My desk, however, where I write, belies that craving for order. It is a mess. I call it Katrina’s home page. Ditto with the computer. It’s a good thing I discovered the “search” function in Word because some of my stuff would be forever MIA. Lately I’ve had occasion to use it frequently.
I’ve been thinking about that word “bifurcated” ever since it reintroduced itself. Why is it that a word so obscure (to me), one I’m sure I’ve never used before, was there when I needed it, and other words that I use all the time have a wicked habit of hiding in the dusty catacombs of my cranial cortex? I mean, “bifurcated” was right there holding a sign that read “pick me, pick me.” No other word even attempted to vie for the honored slot in the title.
I’ve never said, “Let’s bifurcate this list of chores,” or “I’m going to bifurcate this story into two acts.” Never. Nor anything along the lines of, “Let’s order one dessert and bifurcate it.”
So here I am, wondering about the mysterious workings of the mind in an aspiring writer. I don’t usually refer to myself as using my right brain. I think of it as the place where my muse lives, when she’s not AWOL as she frequently is. At those times, I have no idea where she goes, and believe me, I’ve searched and used every trick I know of to lure her from her secret lair. Sometimes I think she hides in my bedside alarm clock and has the alarm set for two a.m., because that’s when she most often kicks me out of bed to take dictation.
Not too long ago.
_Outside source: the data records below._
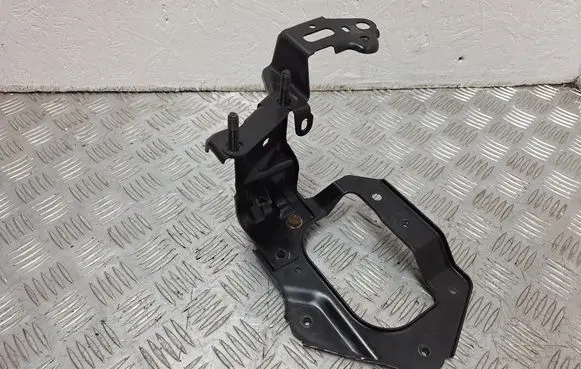 Toyota Avensis T270 Air filter cleaner box bracket assembly 177710R020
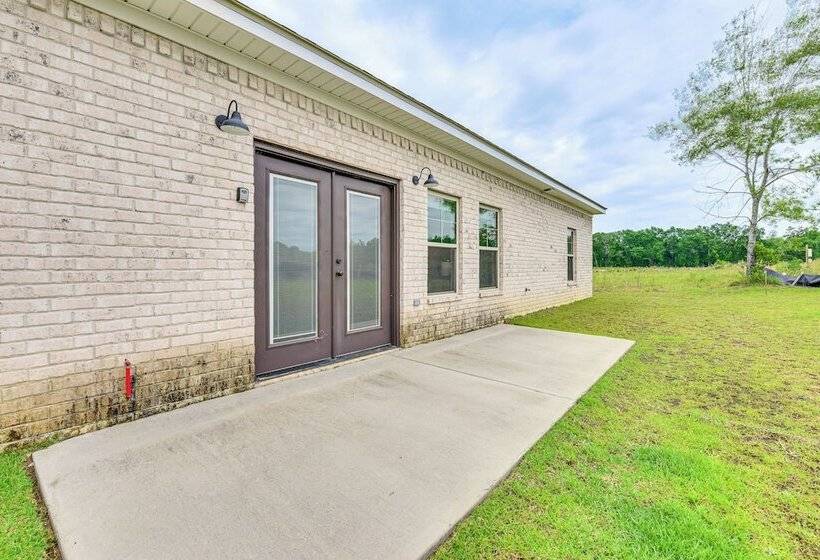 Spacious Dothan Home ~ 4 Mi To Downtown!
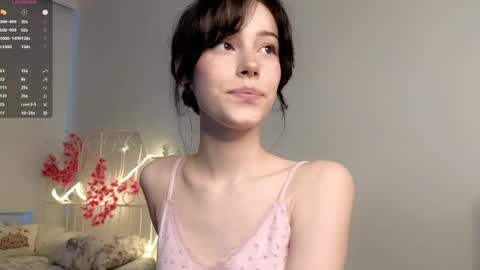 Snapshot of liaglamour chatting on May 23, 9:24 am Lia online show from May 23, 9:24 am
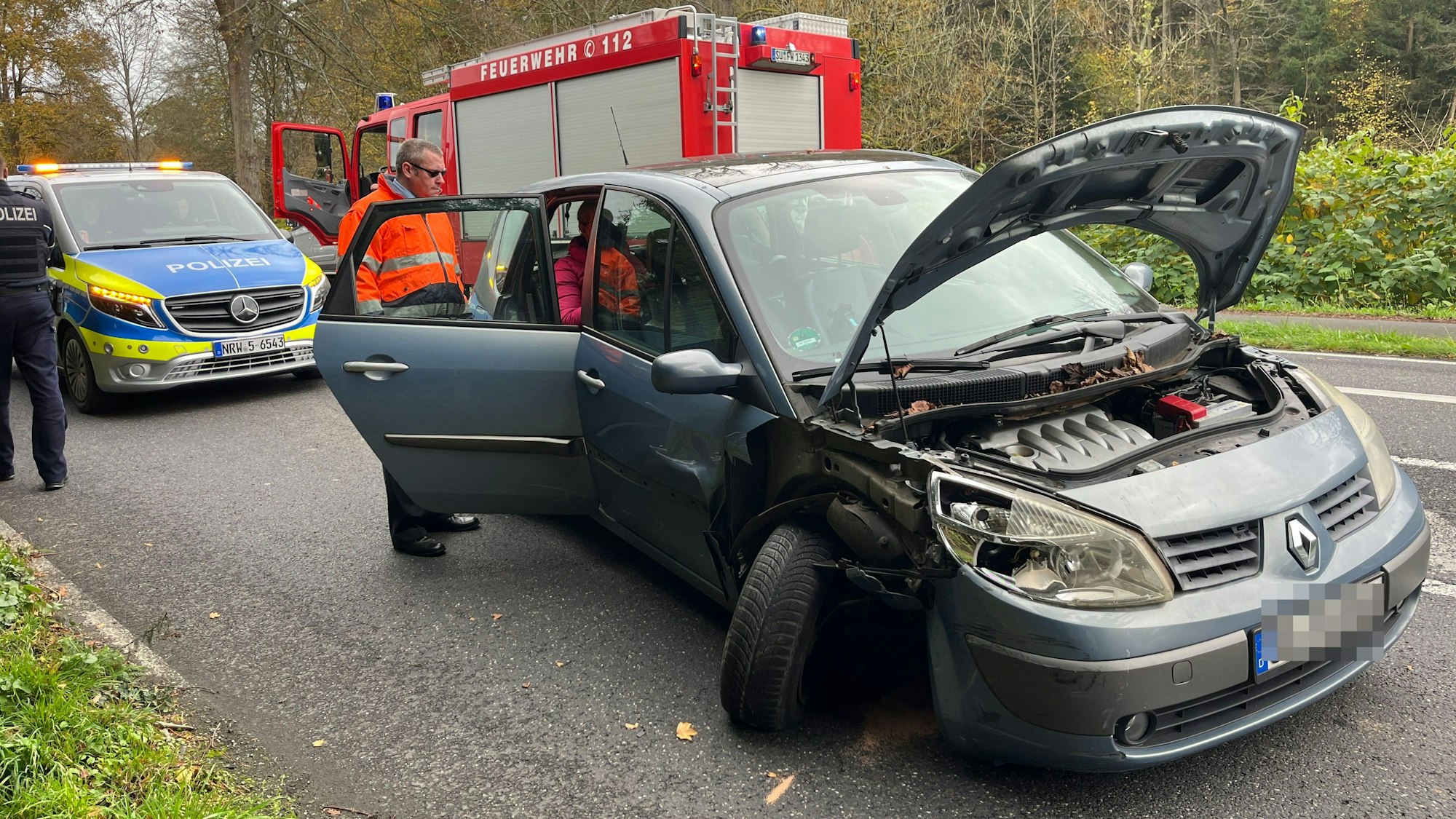 An einem Auto ist das Vorderrad quergestellt.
Beth, a friend of mine who blogs at Switched at Birth, wrote about tossing and turning all night as her muse was giving birth to a story about her elderly neighbor who had bagged an elderly deer. I understood exactly what she was going through, those streamers of words criss-crossing through the brain, the pressure of pent-up thoughts seeking release, the fear that thoughts would be forever lost in the morning. Those are the moments we yearn for, a muse with a full head of steam, well-oiled pistons pounding, and throttle wide open.
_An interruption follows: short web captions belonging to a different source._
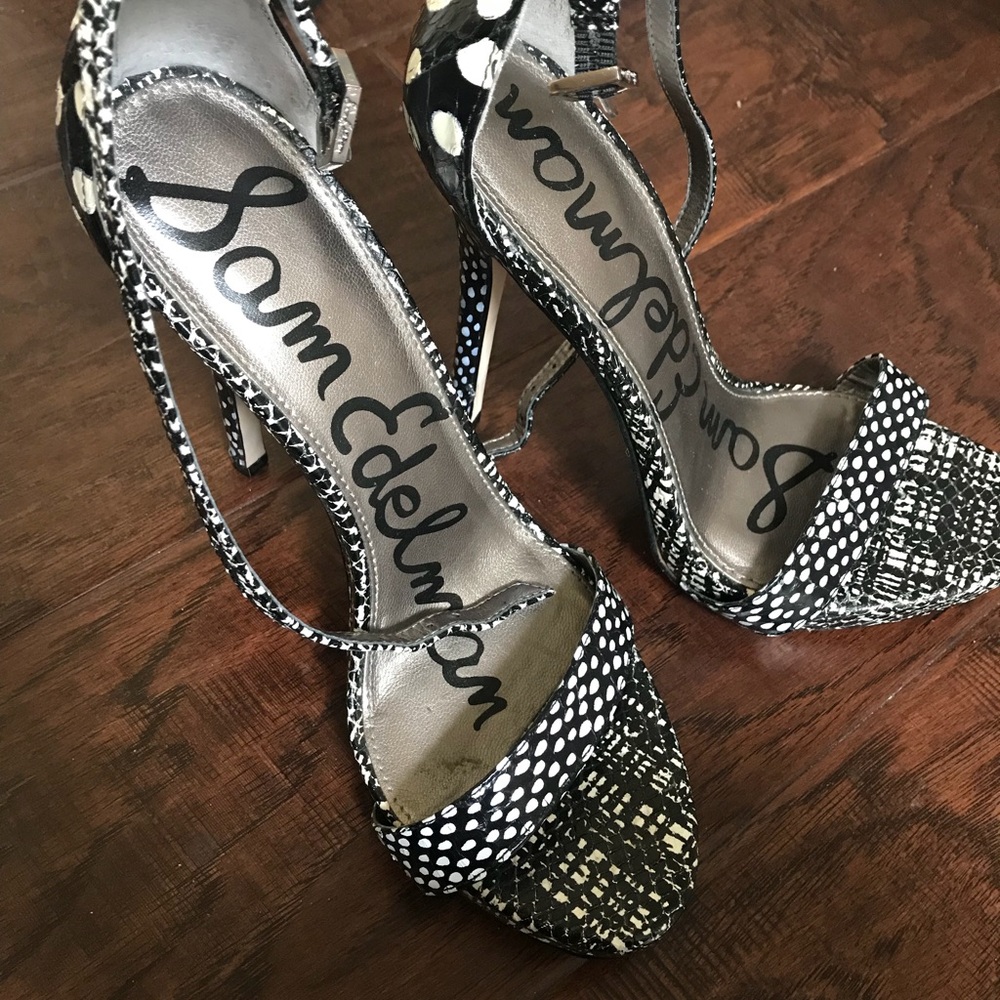 Heels - Picture 3 of 5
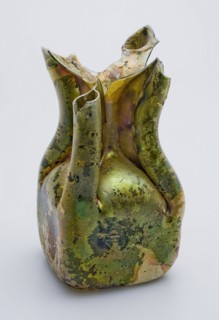 Fragment of 'kuttrolf', 'glückerflasche' or squeeze bottle, bottle holder bottomfound glass, free blown and formed Fragment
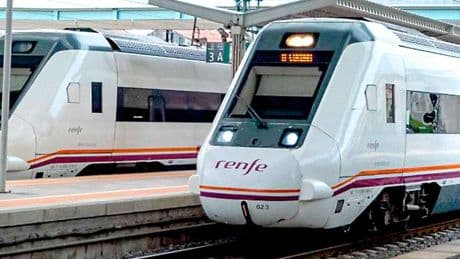 Dos incidencias en trenes hacia Huelva y Cádiz generan retrasos y obligan al trasbordo de viajeros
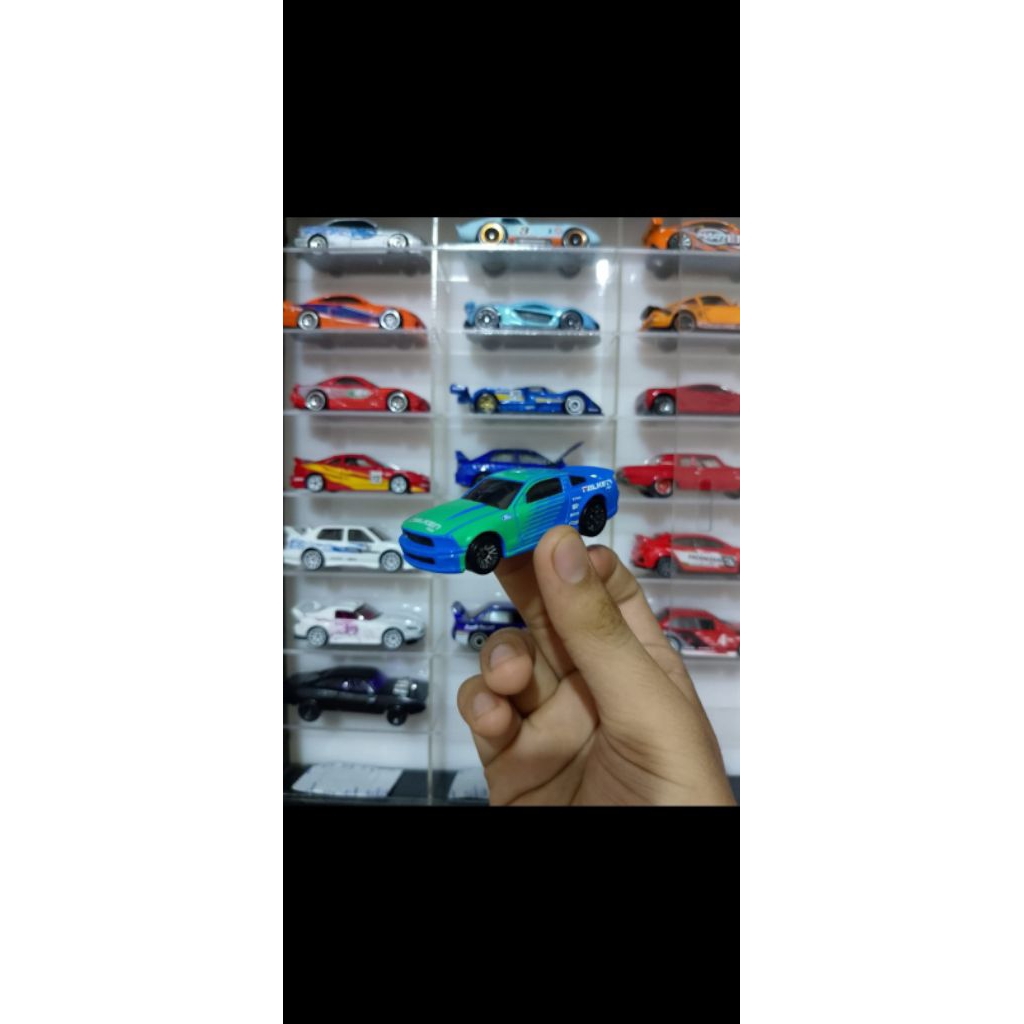 Hotwheels Ford Mustang Falken
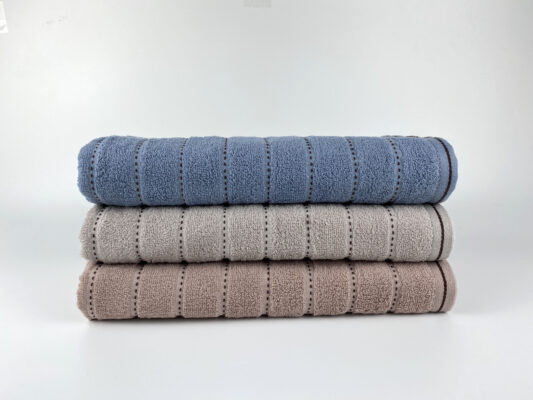 Khăn tắm Cotton nhập khẩu 70x140cm kẻ ngang - KNTC7003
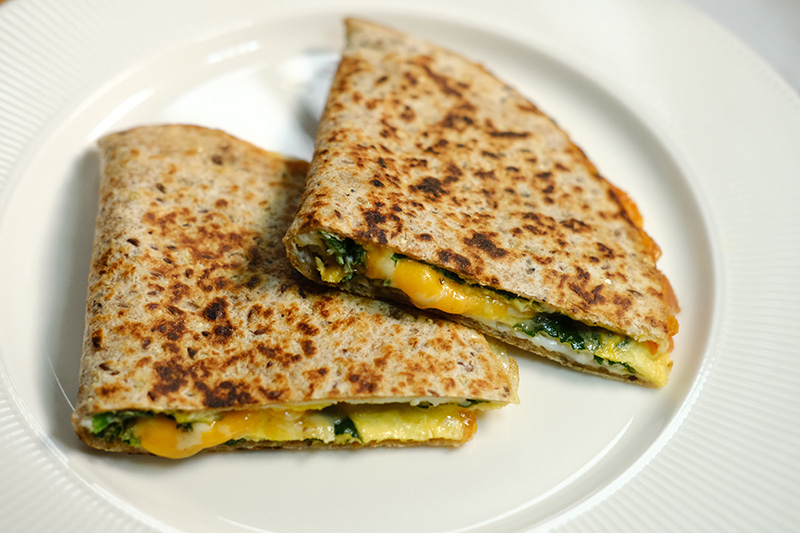 달걀 시금치 치즈 퀘사디아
"Throttle." Another perfect word, though not with the same monetary value. It describes the function of left brain in writers. It ain’t a pretty picture, either. Some people refer to it as the inner critic. I call it an offspring of a female dog, and other canine-related words of description.
Its function, that “throttle,” is to stymie the creative process, to run the whole train off the tracks, metaphorically speaking. The left brain is what sends the muse cowering, presses the “delete” button on the keyboard, relegates brilliant writing to some far off corner where the search function is required to locate it in better times. And worse. Worse is what it does to the writer. No more confidence, no more thoughts of query letters to editors, no joy in Mudville, mighty Writer has struck out.
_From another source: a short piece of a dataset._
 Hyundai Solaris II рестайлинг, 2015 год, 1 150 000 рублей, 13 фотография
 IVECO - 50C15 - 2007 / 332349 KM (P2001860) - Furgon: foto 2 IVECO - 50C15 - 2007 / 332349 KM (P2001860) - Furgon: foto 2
What would happen if we could bifurcate the left brain? Would its powers be lessened by being divided, or would they be strengthened as in two-against-one?
Well, I took that afore-mentioned combined piece of those two poems, one about a right brain day and the other about a left brain day, and submitted it as an online writing class assignment. The instructor wrote back that I soared with the right brain part, but wanted me to delete the left brained part. She wanted me to bifurcate the whole, leaving only the right brained poem. I thought the left brained poem contained some pretty good writing. It accurately described how a writer feels when the left brain is ascendant.
I suppose that’s why she didn’t like it. I could tell she’d been there.